いざ、空から百舌鳥古墳群へ
セスナはぐんぐん高度を上げ、地上の建物はあっという間に小さくなっていった。打ち合わせの際に聞いた話では、どうやら200mくらいまで上昇するらしい。
200mという高さは、東京で言えば西新宿に並ぶビル群、大阪で言えば北浜タワーと同じぐらい。ビルと同じくらいの高さと聞かされただけではさほど高いように思えないが、実際上がってみるとかなり高く感じるから不思議なものだ。
普段なかなか見られない光景なだけに、何もかもが面白く見える。もの凄く、楽しい。後でカメラのメモリを確認したら、繋げれば動画になるんじゃないかというくらいの枚数を撮っていた。飛行機マジック、恐るべし。
さて、そうこうしているうちに、堺市へと到着した。古墳のこんもりとした緑の山が、水平線から近づいてくる。

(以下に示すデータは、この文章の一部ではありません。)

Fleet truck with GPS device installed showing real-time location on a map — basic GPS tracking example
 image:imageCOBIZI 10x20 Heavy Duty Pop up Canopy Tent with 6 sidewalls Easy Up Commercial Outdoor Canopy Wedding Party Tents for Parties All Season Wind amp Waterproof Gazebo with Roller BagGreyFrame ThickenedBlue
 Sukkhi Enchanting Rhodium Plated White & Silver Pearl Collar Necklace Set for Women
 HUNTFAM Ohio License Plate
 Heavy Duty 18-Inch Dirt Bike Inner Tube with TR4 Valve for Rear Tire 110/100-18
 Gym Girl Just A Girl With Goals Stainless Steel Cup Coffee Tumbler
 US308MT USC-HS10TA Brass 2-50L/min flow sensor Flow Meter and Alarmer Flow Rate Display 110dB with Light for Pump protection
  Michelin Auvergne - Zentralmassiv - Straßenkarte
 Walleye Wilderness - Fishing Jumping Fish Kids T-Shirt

いやぁ、凄い。しっかり前方後円墳だ。緑の木々と周濠によって縁取られた墳丘は、まさに堺の町に開いた鍵穴のよう。
この田出井山古墳、全長約148メートルと百舌鳥古墳群の前方後円墳にしてはやや小さめの方ではあるが、それでも全国規模で見たら十分大きい部類の古墳である。
しかしながら、それでもこの古墳だけで満足するワケにはいかない。この先には今回の本命、あの古墳が待ち構えているのだから――。そしてそれは、ついに姿を現した。
それを見たとき、思わずうぉと呻いてしまった。まだ少し距離があるが、それでも見間違うことなどないだろう、世界一の面積を持つ墳墓、大仙陵古墳の威容なり。ダメだ。先ほど見た田出井山古墳があっという間に霞んでしまう。
全長、堂々の約486m。三重の濠に囲まれており、その外周は約2718m。いやいや、そんなスペックをいくら並べたって、一見するには敵わない。とりあえず、見なければ。この古墳を上から見なければ。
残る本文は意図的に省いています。